The Friedman Test is a non-parametric statistical test used to determine if there are statistically significant differences between multiple related groups. It is often employed when the outcome variable is ordinal or continuous and the independent variable is categorical with three or more levels. This comprehensive guide will walk you through the process of conducting the Friedman Test in R, including data preparation, hypothesis testing, and result interpretation.

Here are the step-by-step explanations of the Friedman Test in R Programming Language.

Step 1. Install and Load Required Packages

Before conducting the Friedman Test, make sure you have the necessary packages installed and loaded:

install.packages("PMCMRplus") 
library(PMCMRplus)

Step 2. Prepare Your Data

Start by loading your dataset into R and ensuring that it is structured appropriately for analysis. The dataset should contain one or more outcome variables (dependent variables) and a categorical factor variable (independent variable) with three or more levels.
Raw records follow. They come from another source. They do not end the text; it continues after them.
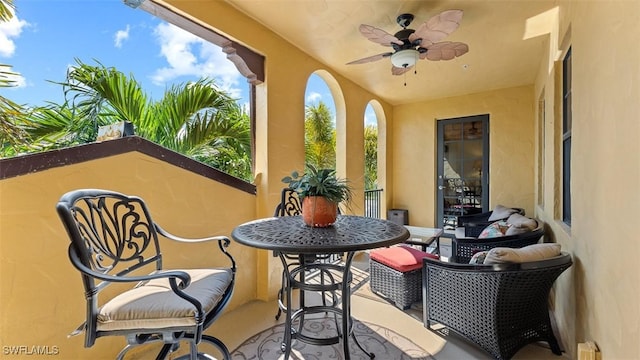 exterior space featuring outdoor lounge area and ceiling fan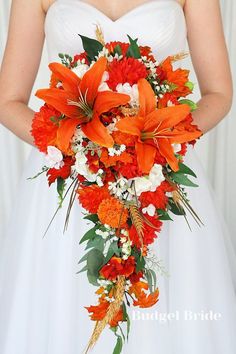 a bride holding a bouquet of orange and white flowers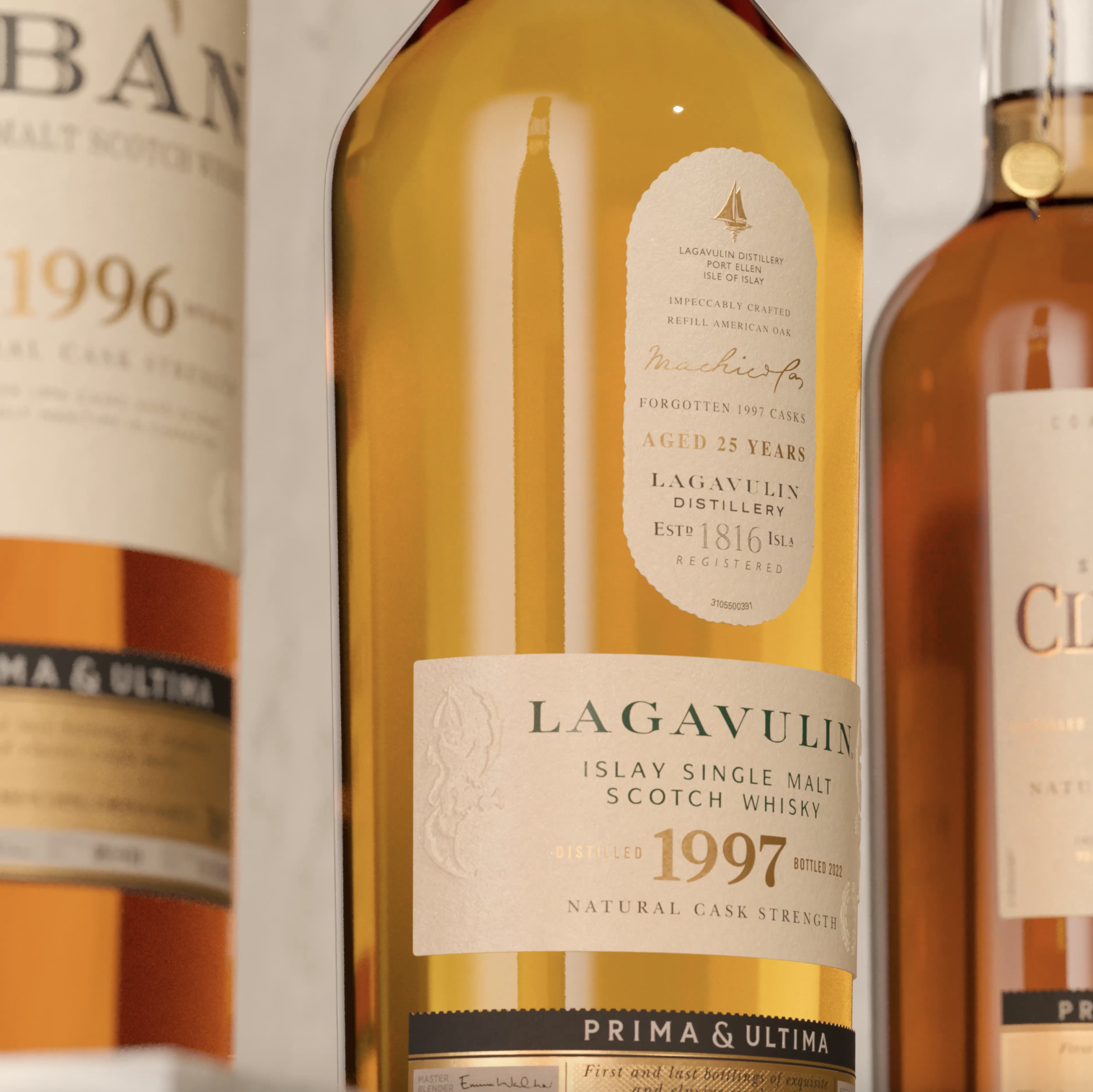 A bottle of Lagavulin 1997 beside two other whisky bottles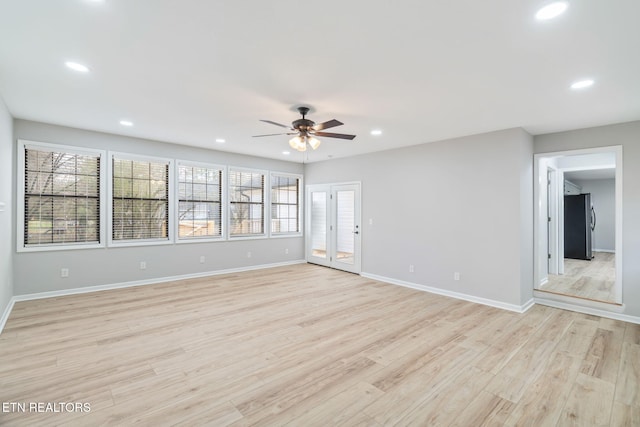 empty room with ceiling fan, french doors, and light hardwood / wood-style floors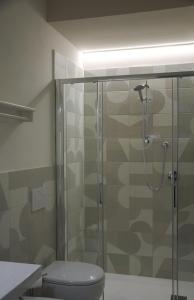 a bathroom with a glass shower with a toilet at Hotel Ondina e Milazzo in Cervia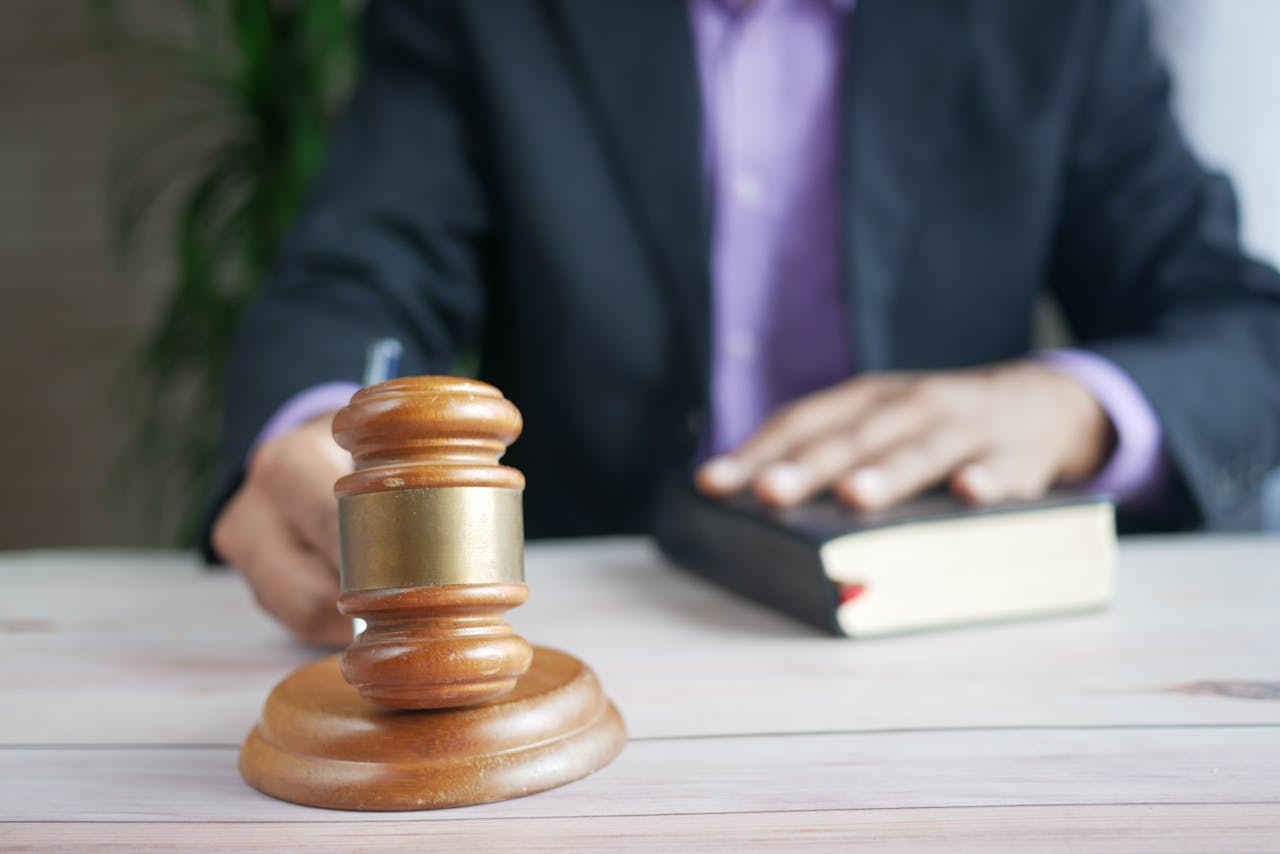 about-us-02 A wooden gavel and legal book represent justice in a court setting, emphasizing order and legal authority.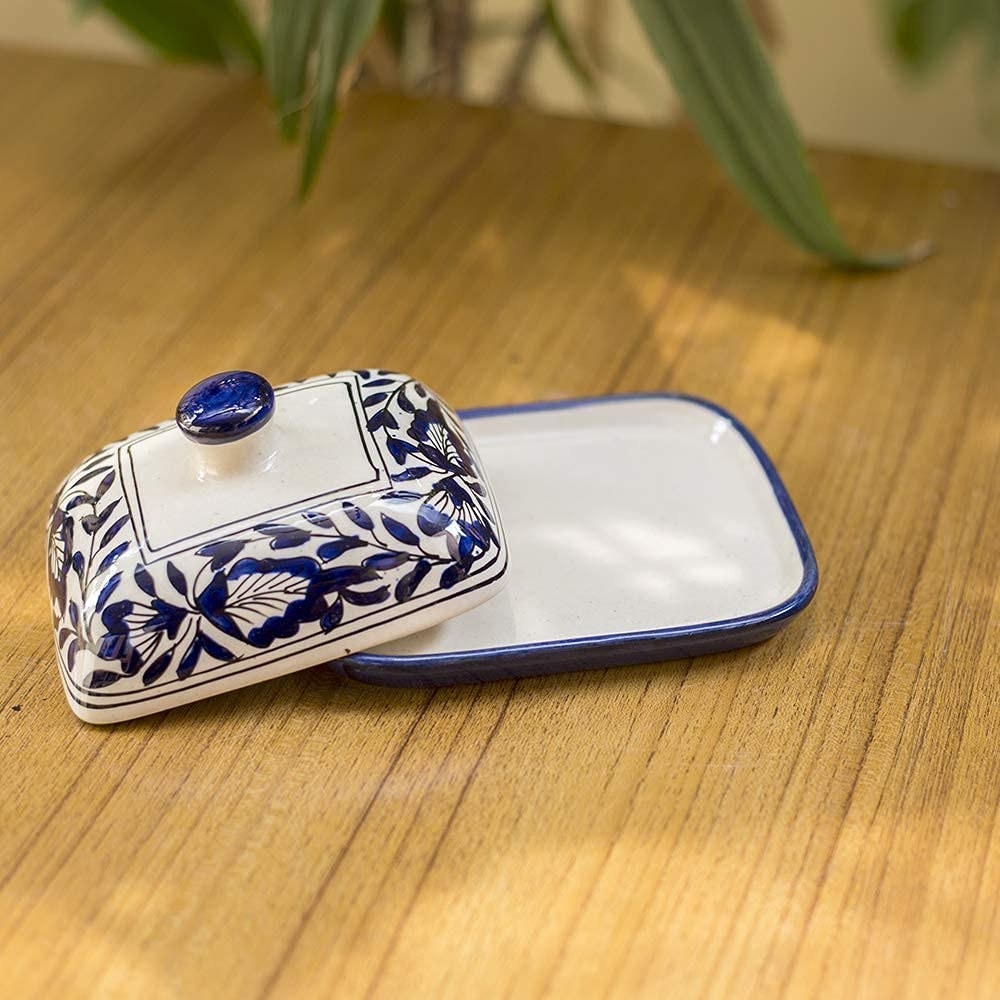 A blue and white ceramic butter dish on a table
Step 3. Conduct the Friedman Test

Use the friedman.test() function from the PMCMRplus package to conduct the Friedman Test:

result <- friedman.test(outcome ~ group, data = your_data)

Replace outcome with the name of your outcome variable, group with the name of your categorical factor variable, and your_data with the name of your dataset.

Step 4. Interpret the Results

After conducting the Friedman Test, you can obtain the test statistics, degrees of freedom, and p-value:

If the p-value is less than your chosen significance level (e.g., 0.05), you can reject the null hypothesis and conclude that there are statistically significant differences between the groups. Otherwise, you fail to reject the null hypothesis.

Conducting the Friedman Test in R

Here’s a complete example demonstrating how to conduct the Friedman Test in R using a hypothetical dataset:

# Load the PMCMRplus package
library(PMCMRplus)

# Generate a hypothetical dataset
set.seed(123)
subject <- rep(1:30, times = 3)  # 30 subjects
group <- rep(c("A", "B", "C"), each = 30)
outcome <- c(rnorm(30), rnorm(30, mean = 1), rnorm(30, mean = 2))
data <- data.frame(subject, group, outcome)

# Convert data to wide format
data_wide <- dcast(data, subject ~ group, value.var = "outcome")

# Perform the Friedman test
result <- friedman.test(as.matrix(data_wide[,-1]))

Output:

    Friedman rank sum test

data:  as.matrix(data_wide[, -1])
Friedman chi-squared = 33.8, df = 2, p-value = 4.575e-08

The p-value is (4.575e-08), we reject the null hypothesis. This means there is strong evidence to conclude that there are significant differences in the ranks of the outcome variable among the groups A, B, and C.

Conclusion

The Friedman rank sum test results indicate that the differences in ranks among the groups are statistically significant, as evidenced by the high test statistic and the extremely low p-value. This suggests that at least one of the groups is different from the others in terms of the outcome variable. The box plot visualization helps to see these differences more clearly.